Cadence by investor type (light guidance)

  • Angels: faster cycles. Try Day 3 then Day 7.
  • MicroVCs: similar pace. Day 3–4, then Day 8–10.
  • HNIs: relationship-led. Keep tone warmer, spacing 4–5 days.
  • Family Offices: slower review. Space 5–7 days and keep updates tidy.

Quality gates before every bump

  • Do I have one new thing to say?
  • Is my ask still 15 minutes with two slots?
  • Is my tone calm and brief?
  • If they pass, do I know when I’ll return (after which milestone)?

What not to do (ever)

  • Don’t send more than two bumps on the same thread.
  • Don’t stack multiple asks (intro + NDA + deck + meeting).
  • Don’t argue with a “no.” Thank them and move on.
  • Don’t fake urgency. Let the numbers speak.

Simple tracker (columns to copy)

Investor | Last touch (date) | Angle used (proof / fit) | Bump # | Next scheduled day | Outcome | Notes

Update it once a day. Patterns show up fast when you label the angle used.


Your 7-Day Follow-Up Plan

Day 1: Label every open thread with next touch date and angle.

Day 2: Send Bump #1 to 5–8 A-list investors.

Day 3: Log replies. Book calls. Draft teasers if asked.

Day 4: Refresh proof lines (one metric/logo). Re-score list if accept% is low.

Day 5: Send Bump #2 to non-responders.

Day 6: Add 5 new A-list names; reset angles for next week.

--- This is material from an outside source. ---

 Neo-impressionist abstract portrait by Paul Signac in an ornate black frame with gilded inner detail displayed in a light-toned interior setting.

Day 7: Review data. Keep what worked. Cut what didn’t. Celebrate one small win.


FAQ

How long should a follow-up be?
2–4 lines. One reason to care. One tiny ask.

What if I have no new proof?
Switch to the fit angle (portfolio/thesis). Or wait until you have a real update.

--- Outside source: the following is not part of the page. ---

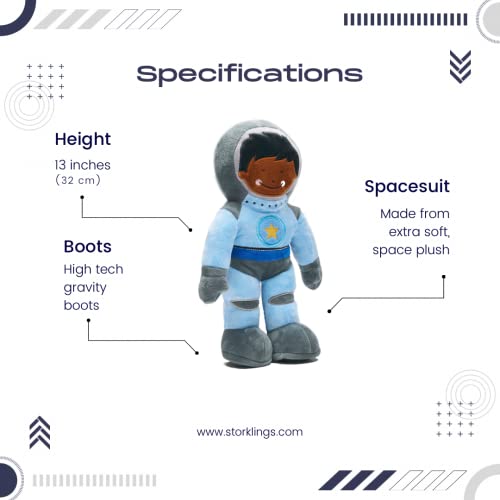 Storklings Astronauta Teddy - Peluche espacial de peluche con un traje espacial azul oscuro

Should I keep bumping if they ghost after a call?
Send one clear next-step message. If silence holds, set a milestone re-touch date and move on.

Is it okay to send a calendar link?
Yes, but after offering two human time options. Links are a fallback, not the opener.


Final word

Polite persistence wins.

Two bumps. Two angles. Two time options.

Short, clear, human.

Then let your numbers—and your fit—do the rest.